(MATERIAL TO PROCESS)
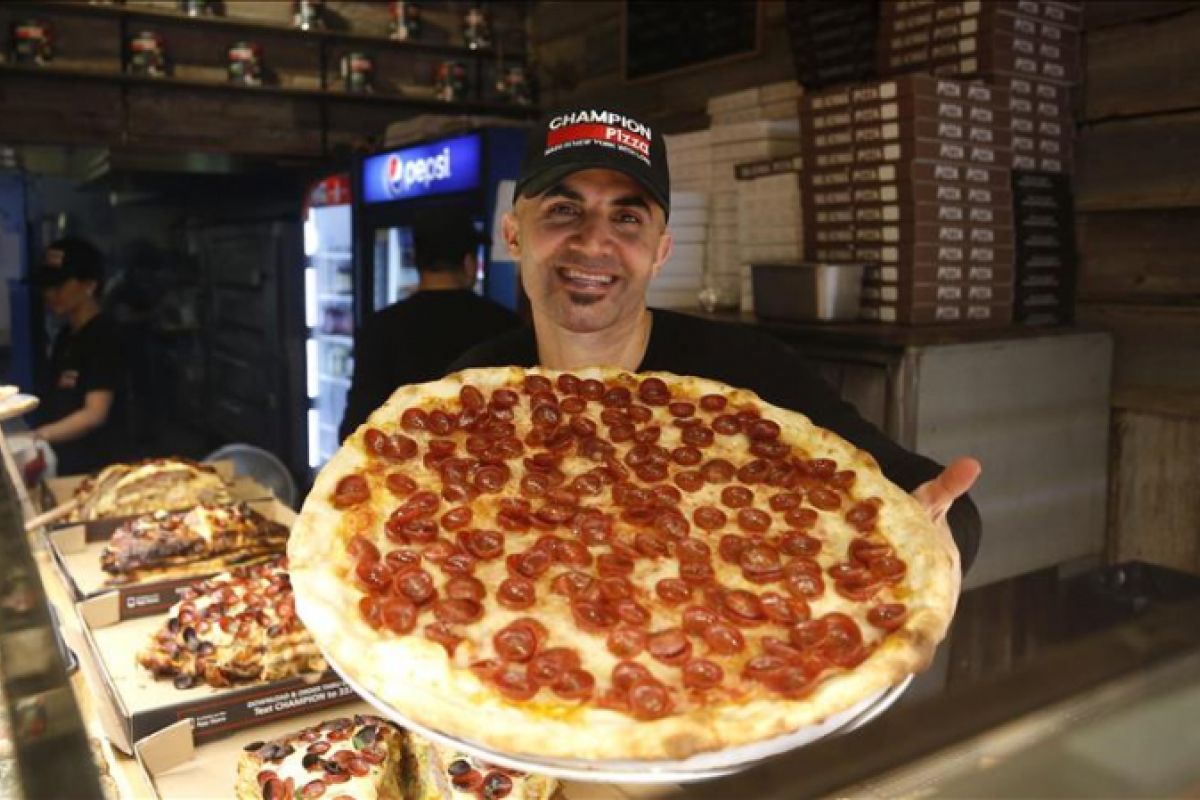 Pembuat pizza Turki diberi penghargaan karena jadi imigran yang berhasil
(End MATERIAL TO PROCESS)
(MATERIAL TO PROCESS)
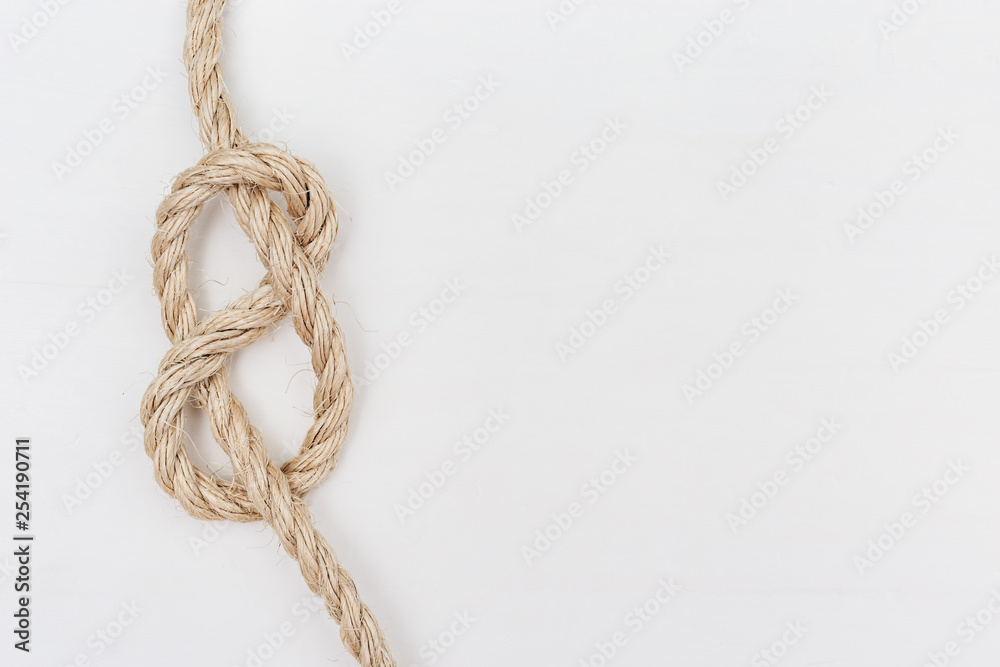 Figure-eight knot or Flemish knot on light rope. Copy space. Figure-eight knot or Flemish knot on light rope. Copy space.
(End MATERIAL TO PROCESS)
(MATERIAL TO PROCESS)
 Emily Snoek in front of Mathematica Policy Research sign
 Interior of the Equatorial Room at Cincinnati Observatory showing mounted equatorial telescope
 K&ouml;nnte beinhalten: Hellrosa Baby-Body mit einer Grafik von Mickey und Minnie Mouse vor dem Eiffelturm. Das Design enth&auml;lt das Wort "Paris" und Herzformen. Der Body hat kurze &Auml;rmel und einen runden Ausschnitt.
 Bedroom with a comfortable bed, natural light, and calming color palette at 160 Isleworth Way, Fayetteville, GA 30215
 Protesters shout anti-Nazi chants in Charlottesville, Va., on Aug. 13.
(End MATERIAL TO PROCESS)
**WHAT YOU HAVE TO DO:** What you return should be exactly the lines above, starting at the one with "Emily Snoek in" and ending at the one with "Protesters shout anti-Nazi", and nothing else.

**ANSWER TO THIS PROBLEM:**
 Emily Snoek in front of Mathematica Policy Research sign
 Interior of the Equatorial Room at Cincinnati Observatory showing mounted equatorial telescope
 K&ouml;nnte beinhalten: Hellrosa Baby-Body mit einer Grafik von Mickey und Minnie Mouse vor dem Eiffelturm. Das Design enth&auml;lt das Wort "Paris" und Herzformen. Der Body hat kurze &Auml;rmel und einen runden Ausschnitt.
 Bedroom with a comfortable bed, natural light, and calming color palette at 160 Isleworth Way, Fayetteville, GA 30215
 Protesters shout anti-Nazi chants in Charlottesville, Va., on Aug. 13.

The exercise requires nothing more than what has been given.